Verhindern kann er sie nicht, denn in den letzten Tagen haben sich mehrere Länder offen für eine Kampfjet-Weitergabe gezeigt. Am deutlichsten äusserte sich wie so oft Polen, der wichtigste Unterstützer der Ukraine in der Nato. Der niederländische Aussenminister Wopke Hoekstra erklärte letzte Woche im Parlament die Bereitschaft zur Lieferung von F-16-Jets.
Die Niederlande verfügen gemäss CNN noch über 24 F-16, die nun durch den modernen F-35 ersetzt werden, für den sich auch die Schweiz entschieden hat. Voraussetzung für eine Weitergabe an die Ukraine sei die Zustimmung der USA, sagte Hoekstra. Diese könnte schon bald erfolgen, denn in Washington schliesst man Kampfjet-Lieferungen nicht aus.
«Wir werden das sehr sorgfältig diskutieren», sagte Jon Finer, der stellvertretende Sicherheitsberater von Präsident Joe Biden, letzte Woche dem Sender MSNBC. Innerhalb des Pentagon gibt es gemäss dem stets gut informierten Portal Politico zwei Sichtweisen: Ein Teil der Beamten will mehr Luftabwehrsysteme zur Verfügung stellen, andere propagieren den F-16.

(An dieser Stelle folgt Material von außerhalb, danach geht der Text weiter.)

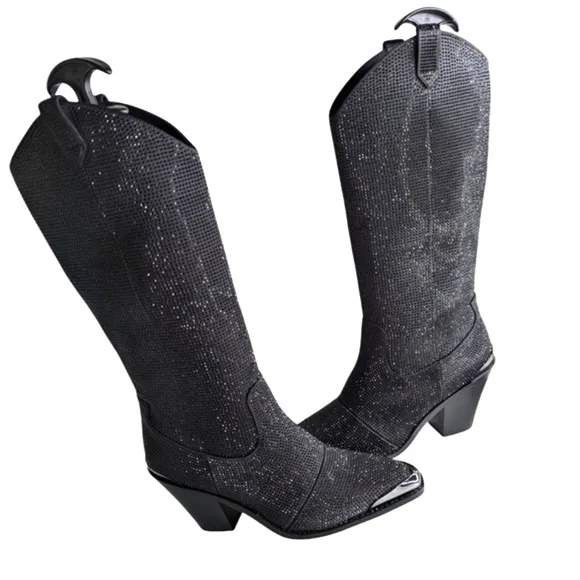 Daniel X Diamond NORTH JEWEL CAVE BLACK TALL BOOTS...Size 8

US-Präsident Biden selbst jedoch schliesst die Lieferung eigener F-16 momentan aus. Auf die Frage einer Reporterin: «Werden die USA der Ukraine F-16 zur Verfügung stellen?», antwortete Biden am Montag in Washington mit «Nein».

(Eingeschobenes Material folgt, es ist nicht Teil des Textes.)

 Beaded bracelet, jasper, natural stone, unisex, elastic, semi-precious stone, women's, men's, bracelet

Das Kampfflugzeug von Hersteller Lockheed Martin ist seit Jahrzehnten in grosser Stückzahl im Einsatz. Er könnte den Ukrainern bei der Verteidigung ihres Luftraums und der Bekämpfung der russischen Invasoren einen beträchtlichen Vorteil verschaffen. Bislang gelang es keiner der beiden Kriegsparteien, die Lufthoheit über der Ukraine zu erringen.
Russland verfügt – vermeintlich – über eine grosse Flotte moderner Kampfjets, doch sie werden nur selektiv und in letzter Zeit immer seltener eingesetzt. Das liegt nicht zuletzt an der Lieferung von westlichen Luftabwehrsystemen. Diese werden primär zum Abschuss russischer Raketen und Marschflugkörper verwendet, die auf zivile Ziele abgefeuert werden.
Im Pentagon ist man gemäss Politico besorgt, dass der Ukraine die Munition ausgehen könnte. Kampfjets wären demnach eine Lösung, denn auch sie könnten Raketen und Drohnen abfangen und vor allem viel flexibler agieren. Allerdings warnen Analysten, dafür müssten die russischen Abwehrsysteme S-400 und S-300 ausgeschaltet werden.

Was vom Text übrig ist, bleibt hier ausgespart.